Reproduce exactly the span of lines beginning at the one with "具有黏性的山藥、金滑菇、秋葵" and ending at the last line of the data below, omitting pictures.

═══ Material provided

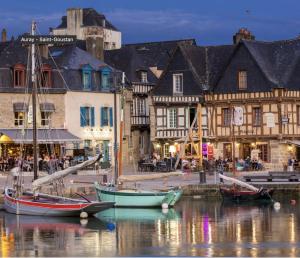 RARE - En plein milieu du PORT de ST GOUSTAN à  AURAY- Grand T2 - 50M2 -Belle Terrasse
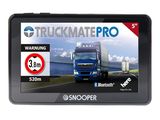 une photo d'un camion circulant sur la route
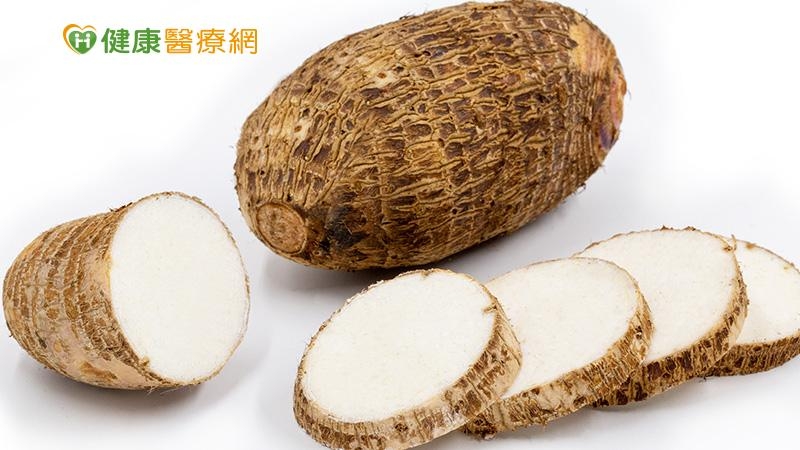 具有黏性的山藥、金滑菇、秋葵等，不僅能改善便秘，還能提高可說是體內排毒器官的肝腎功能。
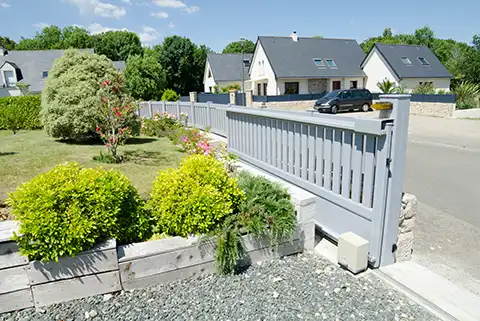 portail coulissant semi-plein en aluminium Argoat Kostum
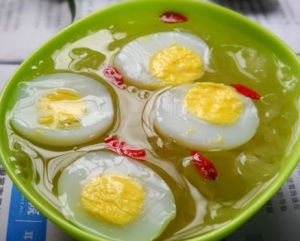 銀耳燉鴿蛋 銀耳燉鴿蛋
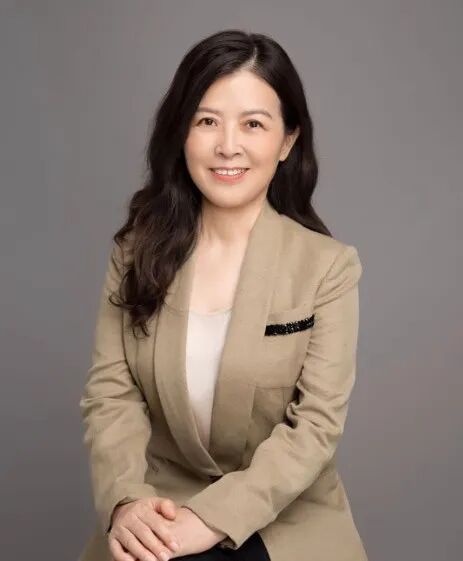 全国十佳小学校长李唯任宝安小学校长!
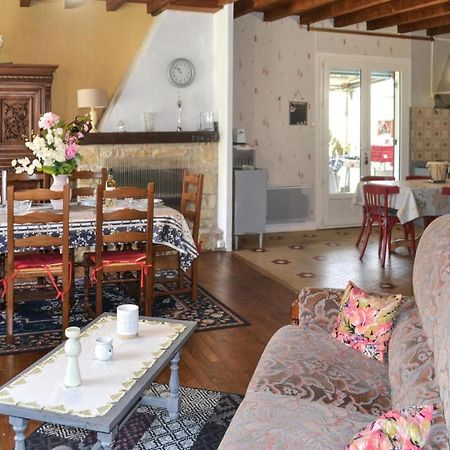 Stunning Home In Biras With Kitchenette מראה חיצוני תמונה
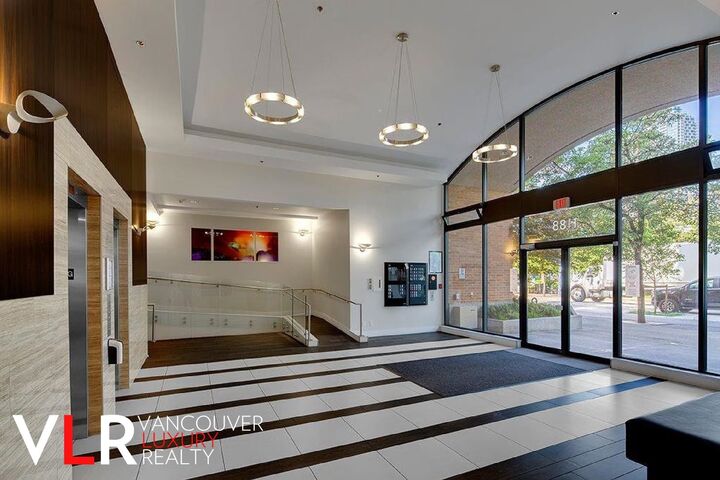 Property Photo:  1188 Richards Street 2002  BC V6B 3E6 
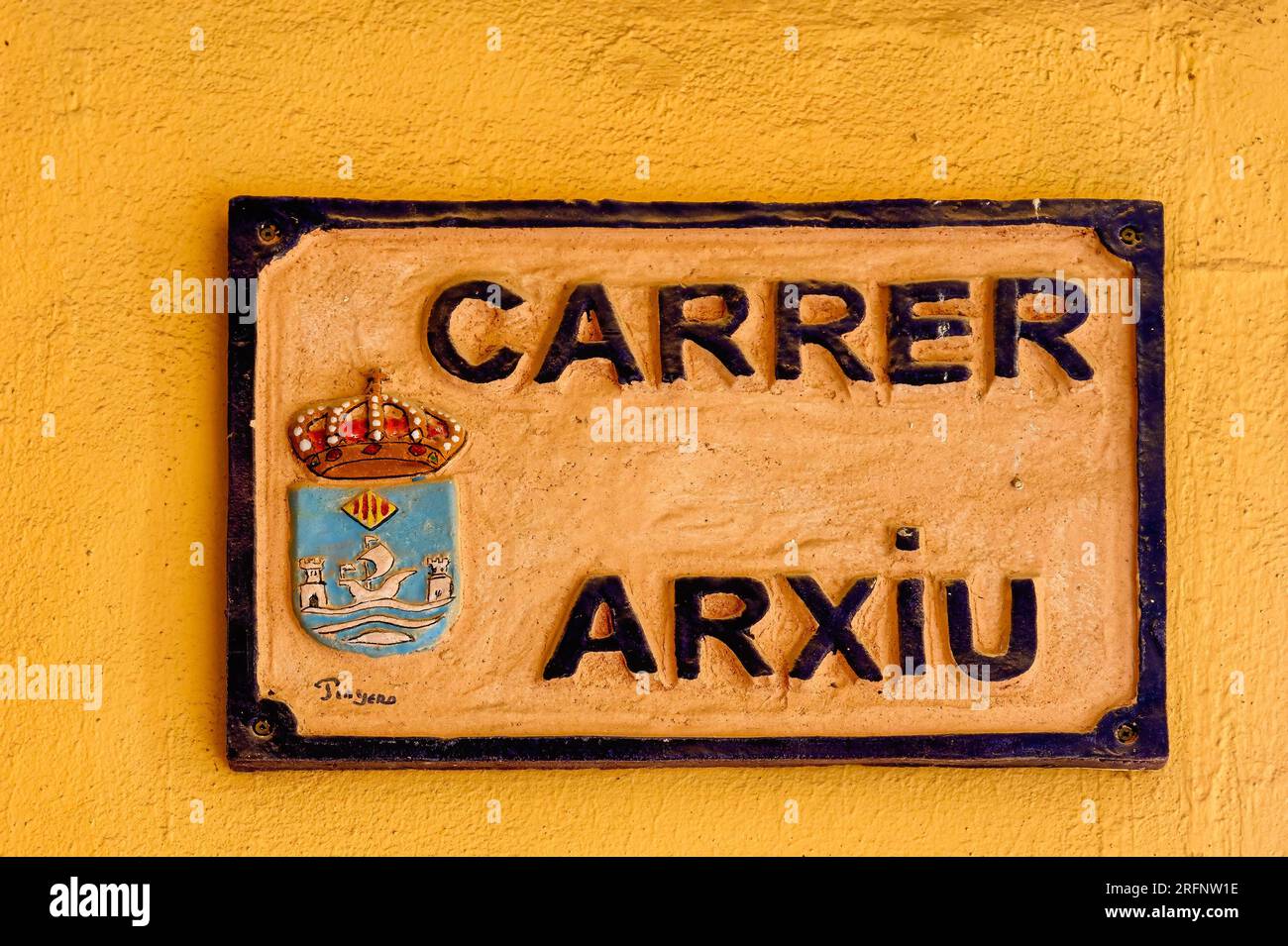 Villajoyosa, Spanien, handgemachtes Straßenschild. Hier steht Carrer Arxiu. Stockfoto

══════

Completed task —
 具有黏性的山藥、金滑菇、秋葵等，不僅能改善便秘，還能提高可說是體內排毒器官的肝腎功能。
 portail coulissant semi-plein en aluminium Argoat Kostum
 銀耳燉鴿蛋 銀耳燉鴿蛋
 全国十佳小学校长李唯任宝安小学校长!
 Stunning Home In Biras With Kitchenette מראה חיצוני תמונה
 Property Photo:  1188 Richards Street 2002  BC V6B 3E6 
 Villajoyosa, Spanien, handgemachtes Straßenschild. Hier steht Carrer Arxiu. Stockfoto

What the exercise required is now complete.